Alle Türen, sind sie auf oder geschlossen? Die Operette würde immer behaupten: sie sind beides. Sie finden dort Flügeltüren, Tunnel und Tapetentüren, spukhafte Geistertüren und die Türen, die sich in der Welle auftun, um einen zu verschlingen und an ganz anderer Stelle abzuliefern. Nicht zu schweigen: von den Türen, die auf die Bühne gehen, Dielen, bevölkert mit Füchsen und Faunen, humanen und posthumanen Agenten, dem aufgekratzten Operettenchor. Die Kulissen stammen aus dem Hause Negativität&Ramsch und werden von Fasanen geschoben. Alles liegt offen da, das Licht ist silbern, die Tage überblenden, niemand verlässt den Raum.
Rinck lenkt ihre Aufmerksamkeit auf die Frau als Mensch, die Unbeständigkeit der Wilden Seele, die Grand-Duchesse von Gerolstein, den Grand Pacific Garbage Patch und die allgegenwärtige Groteske der Grenzen und deutsche Dünnhäutigkeit.
Doch bei aller Ausgelassenheit geht es in ALLE TÜREN um die Grenze, den Ausschluss, das Wegerecht, die freie und die versperrte Passage. Das sind die Grenzen der Operette. Wer sich eben noch frohen Muts in den Strudel hineinwarf, wird jetzt von Plastikmüll umkreist und die Temperaturen steigen. Nicht zuletzt ist ALLE TÜREN eine tiefe Verbeugung vor Jacques Offenbach, der im Jahr 2019 seinen 200. Geburtstag feiert. Ein ruhigeres Schlusskapitel, das den Titel MERCI
trägt, gedenkt der Toten, bedankt sich und schnauft kräftig aus. Das könnte gerade noch gut gegangen sein.
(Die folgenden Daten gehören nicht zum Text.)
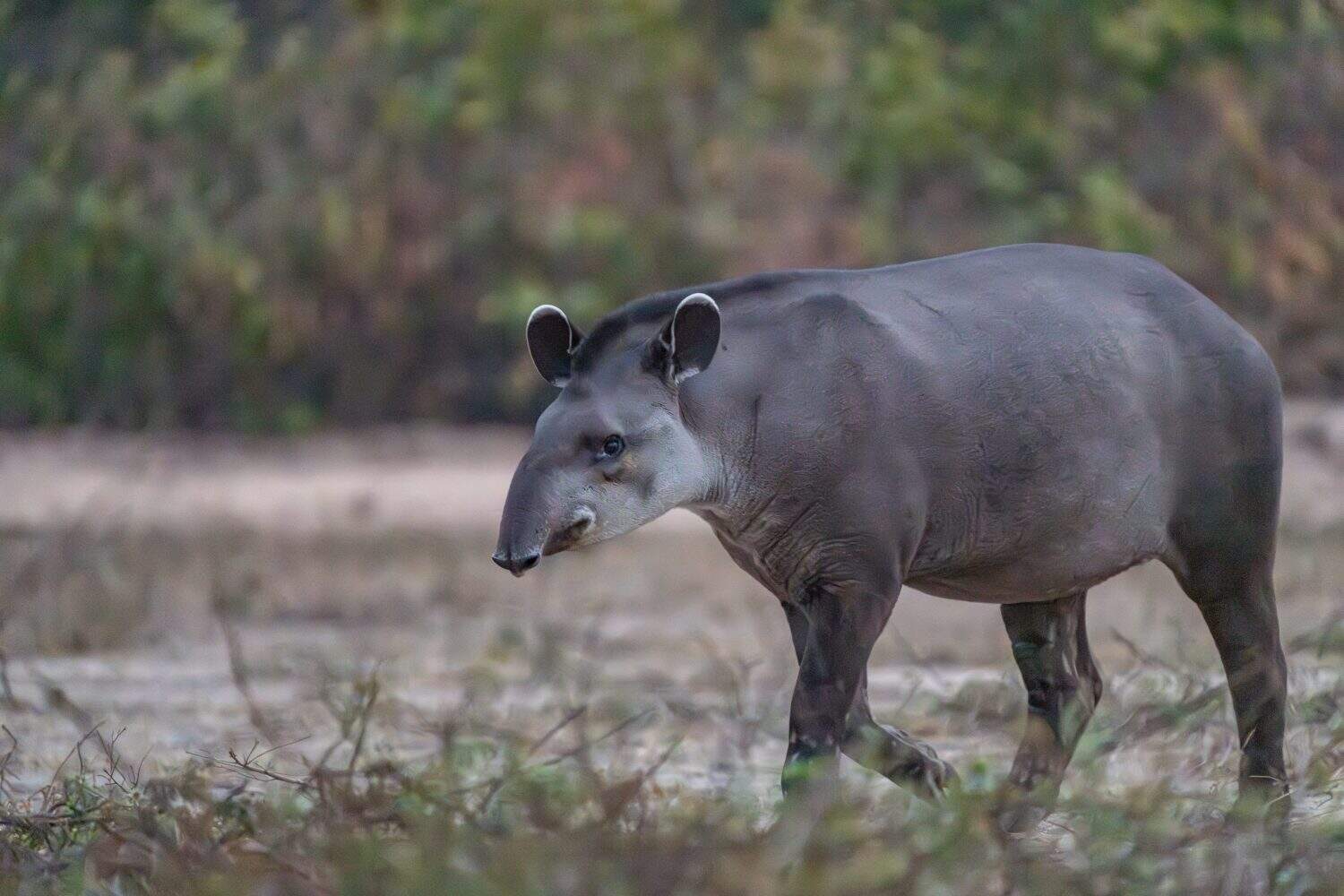 Tapir walking by but keeping an eye on the camera in the Pantanal Brazil.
Monika Rinck lebt in Berlin. Sie studierte Religionswissenschaft, Allgemeine und Vergleichende Literaturwissenschaft und Germanistik in Bochum, Berlin und an der Yale-University New Haven. Seit 1989 diverse Veröffentlichungen in vielen Verlagen. Im Frühjahr 2012 erschien der Lyrikband Honigprotokolle bei kookbooks, für den sie den Peter-Huchel-Preis erhielt. Im Frühjahr 2015 folgte Risiko und Idiotie. Streitschriften. Monika Rinck ist Mitglied im P.E.N.-Club, der Lyrikknappschaft Schöneberg, der Akademie der Künste Berlin und der Deutschen Akademie für Sprache und Dichtung. Sie übersetzt, gemeinsam mit Orsolya Kalász aus dem Ungarischen, kooperiert mit
Musiker*innen und Komponist*innen und lehrt von Zeit zu Zeit. Im Frühjahr 2018 erschien KRITIK DER MOTORKRAFT bei brueterich press, im Frühjahr 2019 folgt das große Rinck-Lesebuch Champagner für die Pferde bei S. Fischer.